- _Activity_:
Only a slice of the listing below is wanted. Retype the lines from the one containing "Volkswagen TIGUAN 2.0" through the one containing "TOYOTA Yaris 1.5 Trend e-CVT - 7", exactly, both ends included.

- _Records shown_:
'''

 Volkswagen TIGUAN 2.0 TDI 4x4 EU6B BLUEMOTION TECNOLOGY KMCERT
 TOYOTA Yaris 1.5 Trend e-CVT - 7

'''
'''

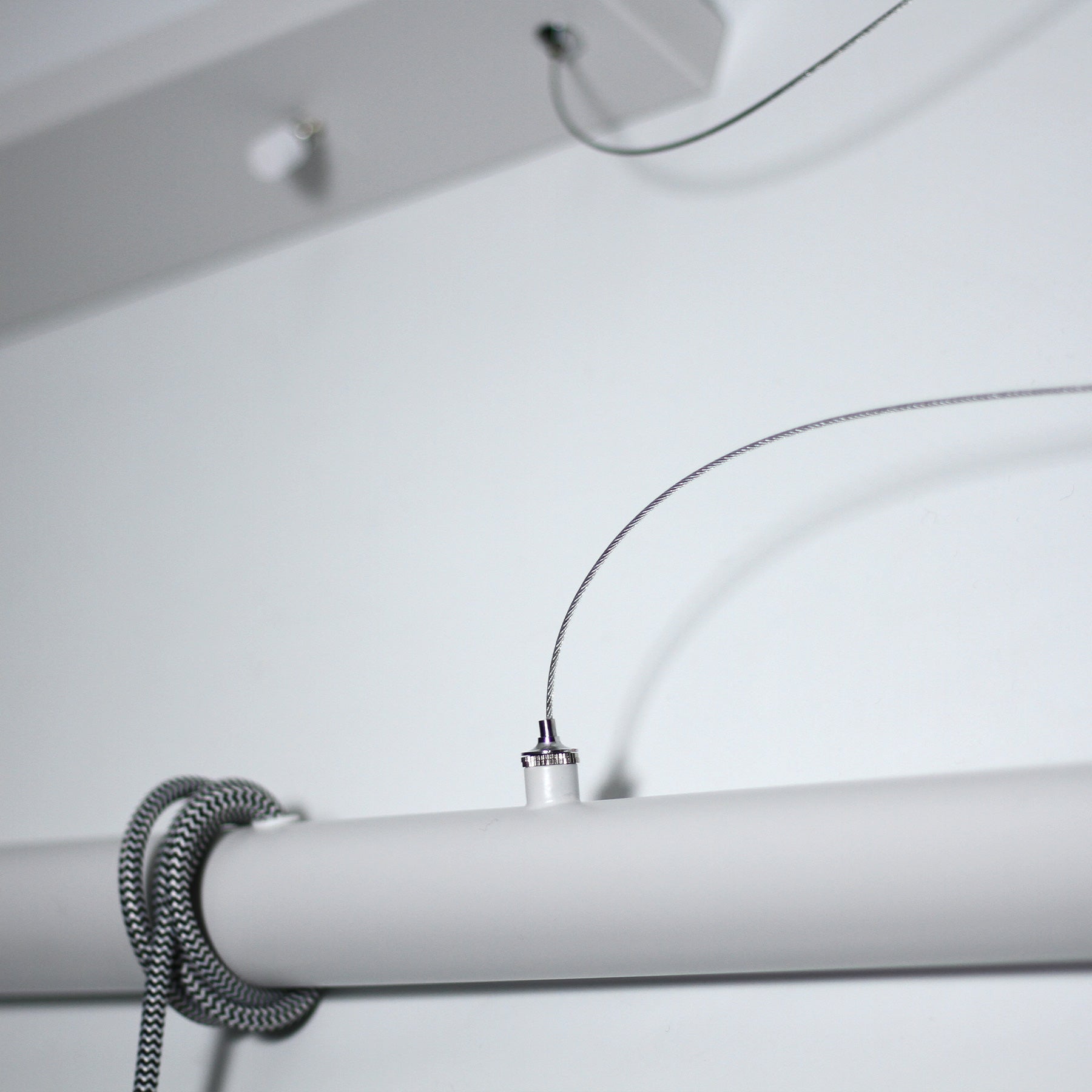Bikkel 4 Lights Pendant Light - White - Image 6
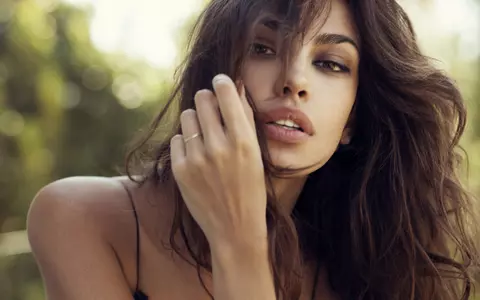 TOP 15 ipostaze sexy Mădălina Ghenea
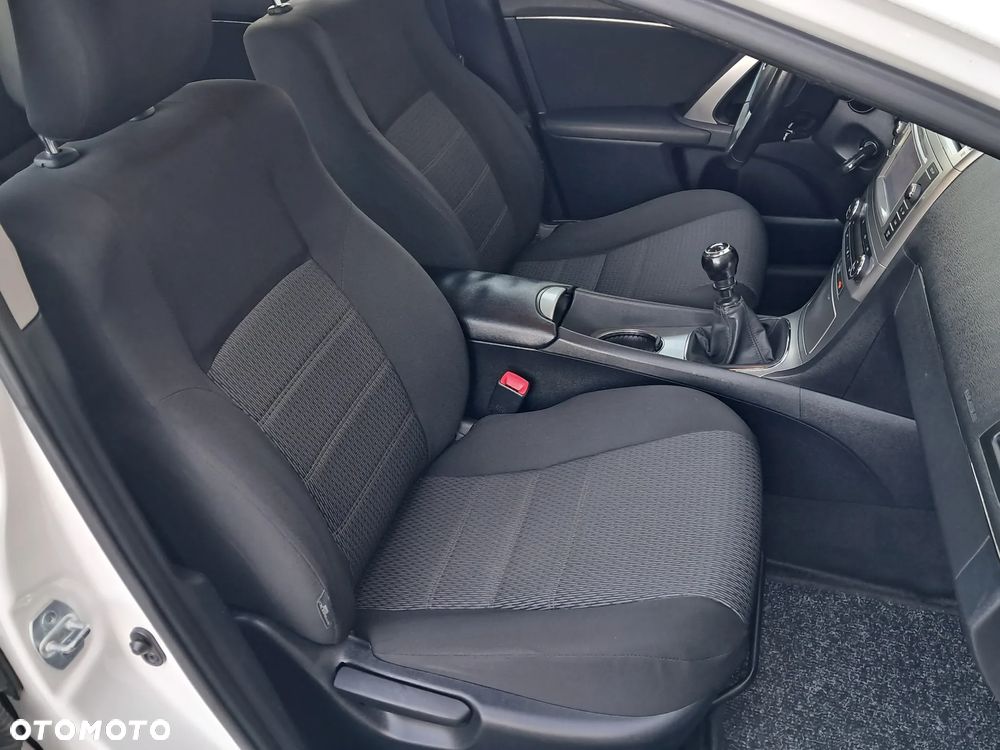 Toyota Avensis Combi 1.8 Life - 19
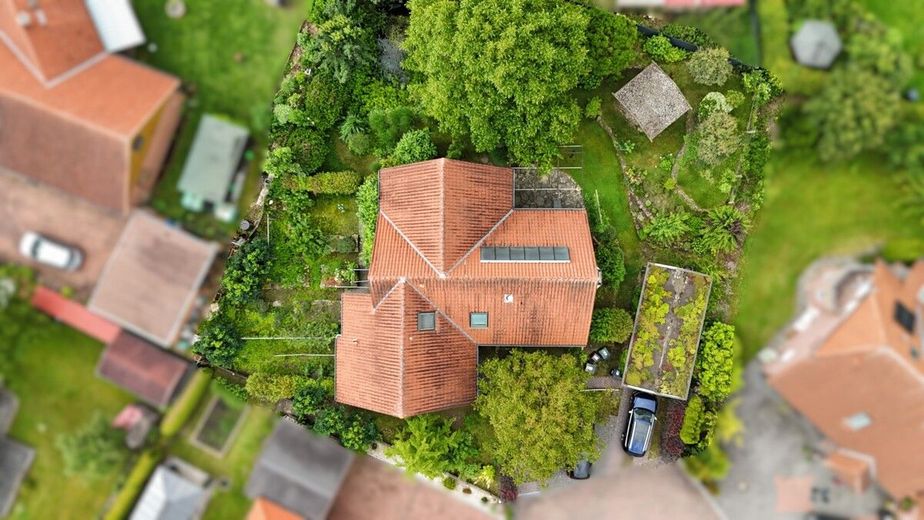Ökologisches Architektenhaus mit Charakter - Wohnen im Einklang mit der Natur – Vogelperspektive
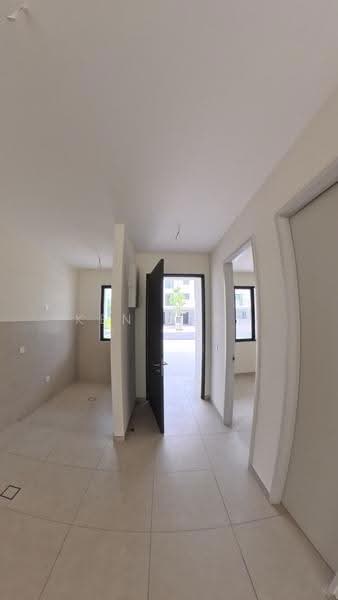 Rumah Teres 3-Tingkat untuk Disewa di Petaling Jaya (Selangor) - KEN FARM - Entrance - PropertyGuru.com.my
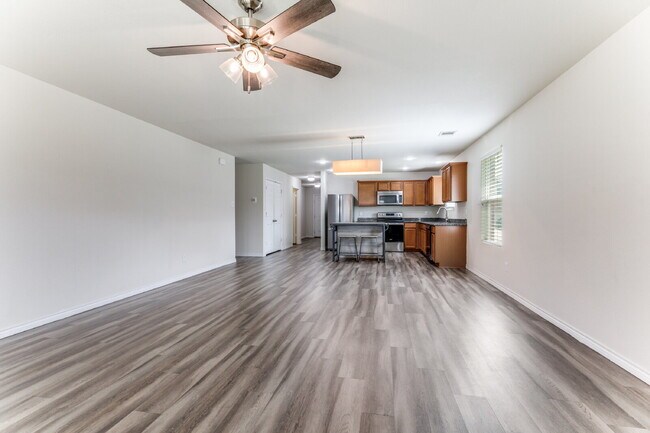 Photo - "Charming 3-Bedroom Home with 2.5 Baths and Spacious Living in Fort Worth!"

'''

- _Answer for the task_:
 Volkswagen TIGUAN 2.0 TDI 4x4 EU6B BLUEMOTION TECNOLOGY KMCERT
 TOYOTA Yaris 1.5 Trend e-CVT - 7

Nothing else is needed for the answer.